The controls work fine. To play an action you select a card to have it appear in the active card area, then click it again to lock in that you are playing the card. It might be a bit of a confusing way to handle it, but it is really just a click-and-confirm system and after a game you will be used to the required clicks. The lack of an undo button comes into play occasionally, as I misread the board a bit and realize drawing a new module would have been better than locking just one, for example.
The physical game is a co-op supporting two players, while the app was made as a solo game, so there is no multiplayer of any sort. The two player version of the physical game has some cool, limited communication features that would have been fun to try in an online setting although there is no guarantee it would have carried over well into the digital space, a case we’ve seen before.
The app is solely a single player game. The game contains four difficulty levels ranging from Easy to Extreme. The details of each level are in the way the starting deck is setup, with the more difficult levels using more restricting setups. It is impressive, design-wise, how much of a difference these seemingly minor adjustments make in scaling the game difficulty.

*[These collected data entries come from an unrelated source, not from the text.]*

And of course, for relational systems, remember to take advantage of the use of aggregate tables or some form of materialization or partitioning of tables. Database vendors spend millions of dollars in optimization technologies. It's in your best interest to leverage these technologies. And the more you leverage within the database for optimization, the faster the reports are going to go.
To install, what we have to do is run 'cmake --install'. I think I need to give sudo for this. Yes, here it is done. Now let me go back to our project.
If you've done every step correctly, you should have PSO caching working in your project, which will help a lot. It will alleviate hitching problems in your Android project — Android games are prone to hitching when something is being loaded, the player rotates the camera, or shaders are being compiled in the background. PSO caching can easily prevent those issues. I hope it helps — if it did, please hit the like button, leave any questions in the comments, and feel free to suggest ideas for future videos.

Each game is given a score based on the number of locked modules, remaining cards, and unlocked modules in play. Scores are kept separately across each difficulty level. It is a bit disappointing not to see more detailed stat keeping, the game only tracks high scores. The game plays so quickly and hands out a score, that I’d love to see my win/loss record, average scoring, etc… being kept across the dozens of plays.
Reading the rules
Checking out the role card
Assembly features an in-app purchase in the form of five new roles which can be purchased for $1.49. Role cards each change the game in some way, so fans of the app will likely enjoy the added variety provided by these roles. The physical game has a larger expansion, Glitches, which change the game aside from just role cards, these expansion features are not available in the app at this time.
The Wrap Up
Assembly is a fun puzzle game that works due to its simplicity. The very limited number of options make the games tense and keep thing interesting. The app version has some flaws. It could do a better job of teaching the game, for starters. The overall look is certainly not bad by any means, but it is a bit generic in spots. The lack of detailed stat keeping is disappointing given the game does track scores, a more thorough history of my successes (okay, failures) would be fun to see.

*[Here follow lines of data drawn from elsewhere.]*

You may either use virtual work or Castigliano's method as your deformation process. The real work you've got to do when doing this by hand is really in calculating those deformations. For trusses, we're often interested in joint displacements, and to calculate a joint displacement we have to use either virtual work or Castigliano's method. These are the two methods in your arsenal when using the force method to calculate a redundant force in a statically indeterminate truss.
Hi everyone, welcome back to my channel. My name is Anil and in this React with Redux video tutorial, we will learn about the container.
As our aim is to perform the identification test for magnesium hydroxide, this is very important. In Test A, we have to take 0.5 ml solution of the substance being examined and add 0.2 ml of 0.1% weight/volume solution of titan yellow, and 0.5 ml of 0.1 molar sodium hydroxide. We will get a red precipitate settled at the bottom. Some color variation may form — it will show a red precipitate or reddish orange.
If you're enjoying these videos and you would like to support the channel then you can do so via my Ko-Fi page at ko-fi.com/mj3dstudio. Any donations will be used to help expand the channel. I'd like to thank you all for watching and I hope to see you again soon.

However, overall, the app is a lot of fun if you want a really quick-playing puzzler. The act of moving all of the modules at once to get a few in their proper spots so you can lock them into place is an extremely satisfying move to make. The constant pressure of going up against the ever-dwindling oxygen supply as you try to escape does make for a game that is more tense than the lightness of the rules might suggest. Having to align things spatially gives this game a bit of a different feel from others in the genre, and helps Assembly stand out.